• _WHAT IS REQUIRED_
Scan the records below for the line containing "Fuente Switching Pronext" and the line containing "B&B Ōgaki - Royal". Copy both, plus every line between, exactly.

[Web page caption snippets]
• • • • •

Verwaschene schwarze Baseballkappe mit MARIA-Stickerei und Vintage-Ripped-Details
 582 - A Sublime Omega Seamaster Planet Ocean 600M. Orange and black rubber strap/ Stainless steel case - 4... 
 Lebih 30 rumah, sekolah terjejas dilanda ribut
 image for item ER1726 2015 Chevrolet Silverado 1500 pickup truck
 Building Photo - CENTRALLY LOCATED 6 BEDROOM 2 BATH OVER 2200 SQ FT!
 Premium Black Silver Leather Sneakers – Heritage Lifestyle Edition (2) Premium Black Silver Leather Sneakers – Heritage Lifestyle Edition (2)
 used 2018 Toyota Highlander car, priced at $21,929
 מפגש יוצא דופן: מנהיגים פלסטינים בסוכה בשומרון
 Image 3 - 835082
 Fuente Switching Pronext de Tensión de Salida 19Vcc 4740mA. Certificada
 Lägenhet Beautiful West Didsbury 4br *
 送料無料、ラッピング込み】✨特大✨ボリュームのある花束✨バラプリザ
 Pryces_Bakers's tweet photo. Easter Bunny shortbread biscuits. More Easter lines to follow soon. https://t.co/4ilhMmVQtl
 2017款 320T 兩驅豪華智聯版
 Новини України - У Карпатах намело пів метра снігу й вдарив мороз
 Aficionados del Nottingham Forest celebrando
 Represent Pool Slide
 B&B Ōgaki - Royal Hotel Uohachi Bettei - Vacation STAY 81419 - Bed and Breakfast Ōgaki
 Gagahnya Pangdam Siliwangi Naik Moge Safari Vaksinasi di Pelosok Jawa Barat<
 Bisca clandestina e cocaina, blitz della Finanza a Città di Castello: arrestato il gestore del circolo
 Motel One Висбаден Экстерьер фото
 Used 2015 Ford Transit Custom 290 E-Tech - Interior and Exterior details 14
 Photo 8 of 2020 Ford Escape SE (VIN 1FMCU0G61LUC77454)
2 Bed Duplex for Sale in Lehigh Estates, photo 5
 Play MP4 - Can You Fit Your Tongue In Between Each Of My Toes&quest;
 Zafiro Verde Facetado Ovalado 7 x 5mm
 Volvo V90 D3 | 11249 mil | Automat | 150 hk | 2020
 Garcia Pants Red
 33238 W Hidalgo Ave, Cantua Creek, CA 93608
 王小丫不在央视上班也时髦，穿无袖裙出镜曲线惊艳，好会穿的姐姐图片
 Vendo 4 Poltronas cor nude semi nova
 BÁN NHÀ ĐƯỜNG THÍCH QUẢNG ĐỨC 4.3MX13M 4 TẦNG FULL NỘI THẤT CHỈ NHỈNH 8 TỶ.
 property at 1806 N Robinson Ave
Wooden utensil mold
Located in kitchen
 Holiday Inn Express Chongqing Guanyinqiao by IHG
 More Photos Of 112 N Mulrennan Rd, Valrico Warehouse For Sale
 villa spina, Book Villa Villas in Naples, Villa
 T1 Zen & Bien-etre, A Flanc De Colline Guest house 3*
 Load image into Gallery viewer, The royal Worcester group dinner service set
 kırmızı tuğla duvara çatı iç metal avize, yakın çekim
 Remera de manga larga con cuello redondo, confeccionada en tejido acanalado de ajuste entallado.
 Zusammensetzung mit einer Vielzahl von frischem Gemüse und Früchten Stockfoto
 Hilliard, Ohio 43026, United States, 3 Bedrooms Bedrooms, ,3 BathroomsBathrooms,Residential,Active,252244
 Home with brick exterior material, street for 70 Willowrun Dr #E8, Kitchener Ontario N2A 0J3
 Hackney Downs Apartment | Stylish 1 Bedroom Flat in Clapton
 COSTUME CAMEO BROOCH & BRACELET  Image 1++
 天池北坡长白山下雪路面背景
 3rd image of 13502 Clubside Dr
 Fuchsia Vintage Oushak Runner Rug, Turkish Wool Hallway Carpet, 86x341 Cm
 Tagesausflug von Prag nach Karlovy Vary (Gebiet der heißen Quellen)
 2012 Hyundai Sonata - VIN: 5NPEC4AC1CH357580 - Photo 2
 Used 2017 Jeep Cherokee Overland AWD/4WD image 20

• • • • •

• _EXERCISE RESPONSE_
 Fuente Switching Pronext de Tensión de Salida 19Vcc 4740mA. Certificada
 Lägenhet Beautiful West Didsbury 4br *
 送料無料、ラッピング込み】✨特大✨ボリュームのある花束✨バラプリザ
 Pryces_Bakers's tweet photo. Easter Bunny shortbread biscuits. More Easter lines to follow soon. https://t.co/4ilhMmVQtl
 2017款 320T 兩驅豪華智聯版
 Новини України - У Карпатах намело пів метра снігу й вдарив мороз
 Aficionados del Nottingham Forest celebrando
 Represent Pool Slide
 B&B Ōgaki - Royal Hotel Uohachi Bettei - Vacation STAY 81419 - Bed and Breakfast Ōgaki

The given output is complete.